[Dataset Boundary: Start]

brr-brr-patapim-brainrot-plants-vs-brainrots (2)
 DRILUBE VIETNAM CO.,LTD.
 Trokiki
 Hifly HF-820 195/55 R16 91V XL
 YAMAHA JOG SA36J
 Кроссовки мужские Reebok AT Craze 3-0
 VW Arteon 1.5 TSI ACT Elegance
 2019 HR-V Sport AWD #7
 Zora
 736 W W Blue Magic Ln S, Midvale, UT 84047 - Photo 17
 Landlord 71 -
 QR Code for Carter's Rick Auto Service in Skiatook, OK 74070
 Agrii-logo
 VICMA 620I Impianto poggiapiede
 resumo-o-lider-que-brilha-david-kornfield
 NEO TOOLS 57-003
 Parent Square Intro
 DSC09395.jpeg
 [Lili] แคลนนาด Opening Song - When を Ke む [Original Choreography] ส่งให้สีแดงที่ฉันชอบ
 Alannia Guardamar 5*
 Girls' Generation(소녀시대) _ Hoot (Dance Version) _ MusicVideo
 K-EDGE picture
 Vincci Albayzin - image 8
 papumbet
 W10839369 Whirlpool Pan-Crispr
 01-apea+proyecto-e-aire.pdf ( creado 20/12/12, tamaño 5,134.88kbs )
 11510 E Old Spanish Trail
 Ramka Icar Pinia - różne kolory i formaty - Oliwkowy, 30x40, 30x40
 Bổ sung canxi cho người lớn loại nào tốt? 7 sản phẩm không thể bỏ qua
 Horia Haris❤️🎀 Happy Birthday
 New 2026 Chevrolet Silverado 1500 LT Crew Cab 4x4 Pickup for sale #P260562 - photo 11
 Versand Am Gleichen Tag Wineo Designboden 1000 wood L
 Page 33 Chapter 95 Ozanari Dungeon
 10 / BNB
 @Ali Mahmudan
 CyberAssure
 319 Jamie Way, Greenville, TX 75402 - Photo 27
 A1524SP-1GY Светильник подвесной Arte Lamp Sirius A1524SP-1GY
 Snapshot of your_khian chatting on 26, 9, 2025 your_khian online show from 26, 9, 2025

[Dataset Boundary: End]

Work task: All entries shown above should be duplicated without a single difference.

Result:
brr-brr-patapim-brainrot-plants-vs-brainrots (2)
 DRILUBE VIETNAM CO.,LTD.
 Trokiki
 Hifly HF-820 195/55 R16 91V XL
 YAMAHA JOG SA36J
 Кроссовки мужские Reebok AT Craze 3-0
 VW Arteon 1.5 TSI ACT Elegance
 2019 HR-V Sport AWD #7
 Zora
 736 W W Blue Magic Ln S, Midvale, UT 84047 - Photo 17
 Landlord 71 -
 QR Code for Carter's Rick Auto Service in Skiatook, OK 74070
 Agrii-logo
 VICMA 620I Impianto poggiapiede
 resumo-o-lider-que-brilha-david-kornfield
 NEO TOOLS 57-003
 Parent Square Intro
 DSC09395.jpeg
 [Lili] แคลนนาด Opening Song - When を Ke む [Original Choreography] ส่งให้สีแดงที่ฉันชอบ
 Alannia Guardamar 5*
 Girls' Generation(소녀시대) _ Hoot (Dance Version) _ MusicVideo
 K-EDGE picture
 Vincci Albayzin - image 8
 papumbet
 W10839369 Whirlpool Pan-Crispr
 01-apea+proyecto-e-aire.pdf ( creado 20/12/12, tamaño 5,134.88kbs )
 11510 E Old Spanish Trail
 Ramka Icar Pinia - różne kolory i formaty - Oliwkowy, 30x40, 30x40
 Bổ sung canxi cho người lớn loại nào tốt? 7 sản phẩm không thể bỏ qua
 Horia Haris❤️🎀 Happy Birthday
 New 2026 Chevrolet Silverado 1500 LT Crew Cab 4x4 Pickup for sale #P260562 - photo 11
 Versand Am Gleichen Tag Wineo Designboden 1000 wood L
 Page 33 Chapter 95 Ozanari Dungeon
 10 / BNB
 @Ali Mahmudan
 CyberAssure
 319 Jamie Way, Greenville, TX 75402 - Photo 27
 A1524SP-1GY Светильник подвесной Arte Lamp Sirius A1524SP-1GY
 Snapshot of your_khian chatting on 26, 9, 2025 your_khian online show from 26, 9, 2025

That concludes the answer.